# EXTRACTED MATERIAL

= = =

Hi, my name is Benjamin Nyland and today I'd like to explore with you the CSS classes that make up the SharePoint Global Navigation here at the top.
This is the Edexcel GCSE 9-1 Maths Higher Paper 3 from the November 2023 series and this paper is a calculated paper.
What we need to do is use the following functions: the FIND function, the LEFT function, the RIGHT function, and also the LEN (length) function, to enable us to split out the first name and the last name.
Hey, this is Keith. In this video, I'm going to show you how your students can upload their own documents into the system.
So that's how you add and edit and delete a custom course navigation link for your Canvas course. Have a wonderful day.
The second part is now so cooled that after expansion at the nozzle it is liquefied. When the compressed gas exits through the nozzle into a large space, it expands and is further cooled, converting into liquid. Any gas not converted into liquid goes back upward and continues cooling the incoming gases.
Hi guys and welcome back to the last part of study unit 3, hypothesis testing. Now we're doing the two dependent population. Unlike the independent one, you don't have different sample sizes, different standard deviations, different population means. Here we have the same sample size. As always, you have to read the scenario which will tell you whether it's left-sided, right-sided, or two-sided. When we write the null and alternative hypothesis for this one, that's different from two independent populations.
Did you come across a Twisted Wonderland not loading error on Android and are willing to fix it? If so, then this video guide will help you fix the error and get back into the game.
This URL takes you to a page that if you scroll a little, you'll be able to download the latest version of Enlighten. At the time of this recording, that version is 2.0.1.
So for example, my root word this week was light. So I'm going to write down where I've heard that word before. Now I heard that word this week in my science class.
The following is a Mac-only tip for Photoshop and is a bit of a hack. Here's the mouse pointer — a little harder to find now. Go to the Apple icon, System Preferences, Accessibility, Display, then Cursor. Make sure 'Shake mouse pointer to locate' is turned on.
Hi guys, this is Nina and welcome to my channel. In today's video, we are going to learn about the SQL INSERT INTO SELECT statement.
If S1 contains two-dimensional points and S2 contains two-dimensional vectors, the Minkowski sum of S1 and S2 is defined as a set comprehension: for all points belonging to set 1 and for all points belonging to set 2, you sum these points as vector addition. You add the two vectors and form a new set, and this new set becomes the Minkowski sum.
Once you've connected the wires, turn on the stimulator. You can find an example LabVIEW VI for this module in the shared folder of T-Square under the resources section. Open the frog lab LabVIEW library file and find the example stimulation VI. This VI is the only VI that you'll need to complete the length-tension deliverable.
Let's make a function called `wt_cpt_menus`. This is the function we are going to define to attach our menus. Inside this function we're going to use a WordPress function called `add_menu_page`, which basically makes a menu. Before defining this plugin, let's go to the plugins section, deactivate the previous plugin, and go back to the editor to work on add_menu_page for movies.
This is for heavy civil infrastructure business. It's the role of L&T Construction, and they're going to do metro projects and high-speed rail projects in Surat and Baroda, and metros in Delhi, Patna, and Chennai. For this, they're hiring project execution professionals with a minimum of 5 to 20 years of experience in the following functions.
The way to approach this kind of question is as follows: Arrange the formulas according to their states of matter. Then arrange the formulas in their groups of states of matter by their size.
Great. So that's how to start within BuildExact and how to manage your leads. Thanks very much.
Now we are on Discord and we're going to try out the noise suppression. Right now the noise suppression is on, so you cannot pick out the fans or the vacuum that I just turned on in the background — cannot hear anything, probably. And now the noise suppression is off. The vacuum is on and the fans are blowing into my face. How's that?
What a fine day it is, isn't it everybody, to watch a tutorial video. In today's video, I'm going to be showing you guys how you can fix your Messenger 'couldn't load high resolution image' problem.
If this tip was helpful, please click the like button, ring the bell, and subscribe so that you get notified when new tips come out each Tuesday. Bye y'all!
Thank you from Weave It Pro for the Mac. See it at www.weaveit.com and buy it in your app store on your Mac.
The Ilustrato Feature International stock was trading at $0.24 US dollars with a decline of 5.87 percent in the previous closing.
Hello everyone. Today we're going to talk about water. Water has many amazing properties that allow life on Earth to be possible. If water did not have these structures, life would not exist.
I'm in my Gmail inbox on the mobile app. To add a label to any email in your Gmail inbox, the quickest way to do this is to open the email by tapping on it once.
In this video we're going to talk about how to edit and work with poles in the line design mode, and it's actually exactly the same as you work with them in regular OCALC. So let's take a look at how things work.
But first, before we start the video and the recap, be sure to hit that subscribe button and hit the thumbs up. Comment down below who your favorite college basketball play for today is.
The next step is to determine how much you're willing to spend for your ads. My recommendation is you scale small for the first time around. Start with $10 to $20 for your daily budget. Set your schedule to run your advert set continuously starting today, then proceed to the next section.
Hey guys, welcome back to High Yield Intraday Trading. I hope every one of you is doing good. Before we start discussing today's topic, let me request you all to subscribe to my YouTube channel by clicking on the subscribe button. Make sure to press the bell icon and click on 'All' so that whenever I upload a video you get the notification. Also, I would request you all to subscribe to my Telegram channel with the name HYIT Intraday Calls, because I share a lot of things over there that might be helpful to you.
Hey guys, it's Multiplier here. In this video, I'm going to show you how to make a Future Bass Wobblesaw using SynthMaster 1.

= = =

# TASK PROMPT
Only the lines from the line with "If this tip" to the final line of the entries are to be returned, each exactly as written, both ends included.

# REPLY TO THE EXERCISE
If this tip was helpful, please click the like button, ring the bell, and subscribe so that you get notified when new tips come out each Tuesday. Bye y'all!
Thank you from Weave It Pro for the Mac. See it at www.weaveit.com and buy it in your app store on your Mac.
The Ilustrato Feature International stock was trading at $0.24 US dollars with a decline of 5.87 percent in the previous closing.
Hello everyone. Today we're going to talk about water. Water has many amazing properties that allow life on Earth to be possible. If water did not have these structures, life would not exist.
I'm in my Gmail inbox on the mobile app. To add a label to any email in your Gmail inbox, the quickest way to do this is to open the email by tapping on it once.
In this video we're going to talk about how to edit and work with poles in the line design mode, and it's actually exactly the same as you work with them in regular OCALC. So let's take a look at how things work.
But first, before we start the video and the recap, be sure to hit that subscribe button and hit the thumbs up. Comment down below who your favorite college basketball play for today is.
The next step is to determine how much you're willing to spend for your ads. My recommendation is you scale small for the first time around. Start with $10 to $20 for your daily budget. Set your schedule to run your advert set continuously starting today, then proceed to the next section.
Hey guys, welcome back to High Yield Intraday Trading. I hope every one of you is doing good. Before we start discussing today's topic, let me request you all to subscribe to my YouTube channel by clicking on the subscribe button. Make sure to press the bell icon and click on 'All' so that whenever I upload a video you get the notification. Also, I would request you all to subscribe to my Telegram channel with the name HYIT Intraday Calls, because I share a lot of things over there that might be helpful to you.
Hey guys, it's Multiplier here. In this video, I'm going to show you how to make a Future Bass Wobblesaw using SynthMaster 1.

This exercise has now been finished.